Dazu passt, dass er keine interessante Neurose vorzuweisen hat und keine exzentrische Biografie. Sondern er hat sein Leben als Mann gelebt, der mit seiner Frau Helen bis zu ihrem Tod fast fünfzig Jahre zusammen war, noch immer im selben Londoner Haus wohnt, sich als unaufgeregten Linken bezeichnet und als Trainspotter, weil er sich schon als Kind der Eisenbahn verschrieb. Die einzige Exzentrik, die sich Michael Palin leistet und die er mit der Hauptfigur seines ersten Romans teilt, ist seine Faszination für Leben, Lieben, Schreiben, Jagen und Sterben von Ernest Hemingway.
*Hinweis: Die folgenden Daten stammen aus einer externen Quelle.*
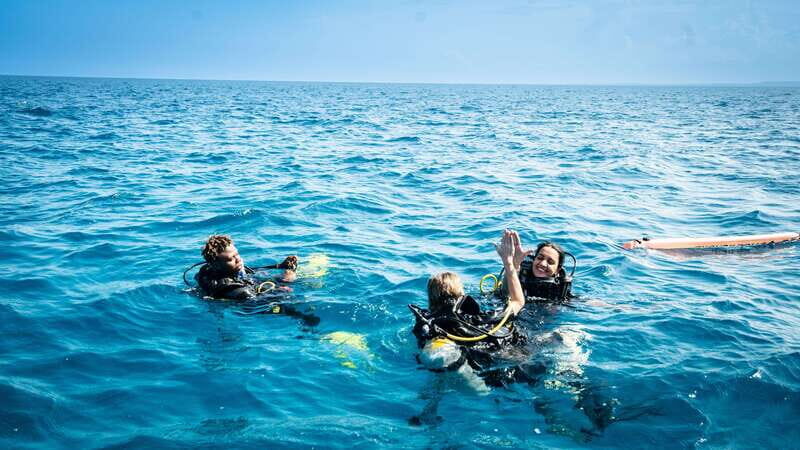 Zanzibar 2 Days PADI Scuba Diver Course (+ 2 OW Dives) Tour - Day 1: Learning in Confined Waters
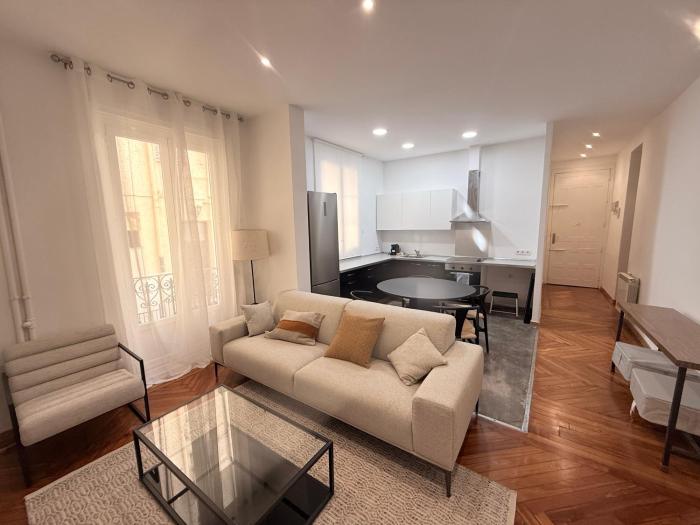 Modern Comfort in Madrid 2BR Gem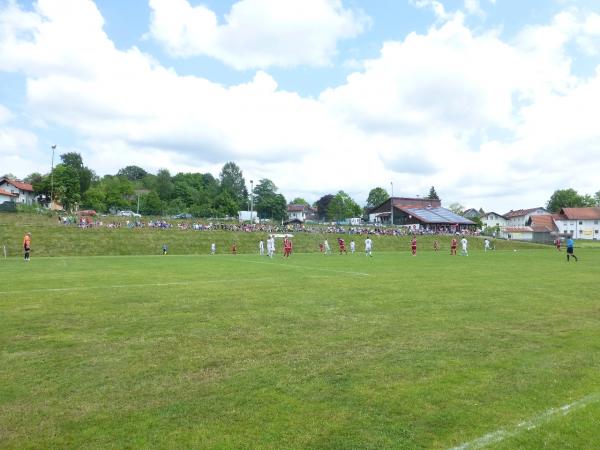 Stadion Goldener Steig - St. Oswald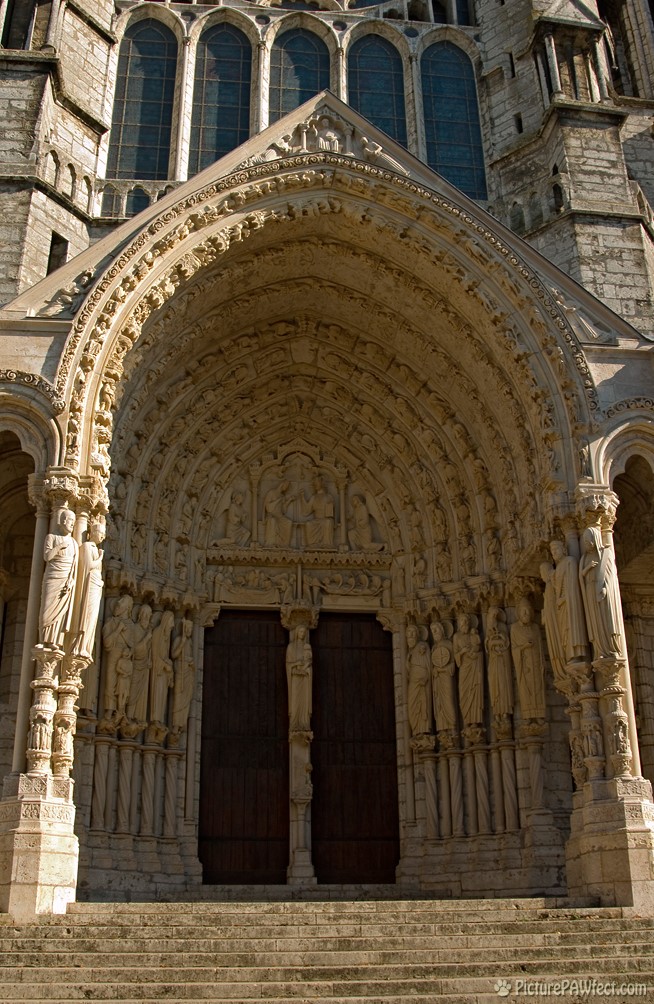 Tympanium, left door of Chartres Cathedral (David's France Gallery) {Chartres Cathedral}
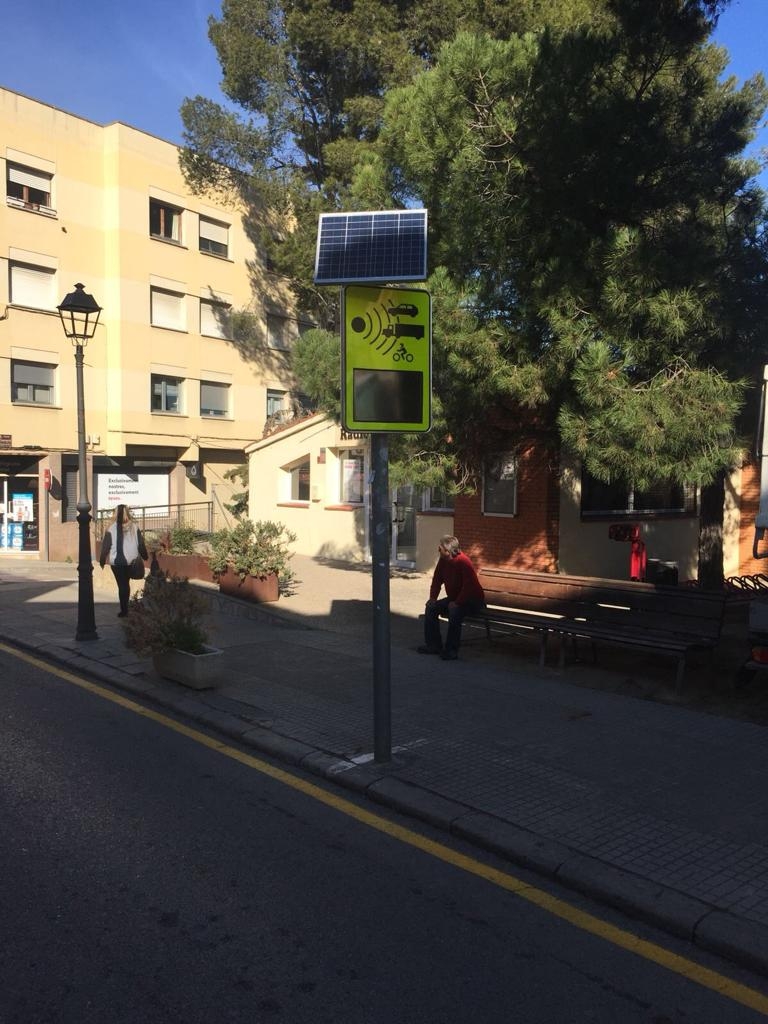 El carrer Crehueta, ara amb el radar incorporat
Das ausgleichende Temperament des Engländers aus der Stahlstadt Sheffield irritierte schon die Pythons. Michael sei der Einzige, sagte sein Kollege John Cleese einmal, «der vor der Schlacht von Stalingrad Hitler und Stalin hätte treffen und beiden das Gefühl hätte geben können, er sei auf ihrer Seite». Vielleicht spielte Cleese damals am liebsten mit Palin zusammen, weil dieser den «straight guy» gab, den in komischen Situationen unaufgeregt Normalen, neben dem der andere umso komischer wirkt.
Die Normalität war jener Aggregatszustand, den die Pythons mit besonderer Vehemenz attackierten. Die fünf britischen Akademiker und der amerikanische Politologe Terry Gilliam kombinierten auf bis heute unerreichtem Niveau Bildung und Idiotie, Weltgeschichte und Schlägerei, Philosophie in der Kloake und Psychose mit Krawatte. Sie zeigten Foltermethoden der Mafia wie Metapher, Analogie, Ironie und Sarkasmus; behandelten das verdrängte Thema des Kannibalismus in der britischen Marine; und streiften die existenzielle Frage, warum immer so viele tote Bischöfe vor der Eingangstüre liegen.
Sie taten also nichts anderes, als ihre in Cambridge und Oxford erworbene Bildung dem Absurden preiszugeben. Wer mit ihnen darüber diskutieren wollte, musste um sein Leben fürchten. «Wir hielten Selbstschuss-Anlagen bereit», sagte Palin einmal, «die bei jedem losgingen, der über unsere Komik dissertieren wollte.» Er sagte es auf nette Art.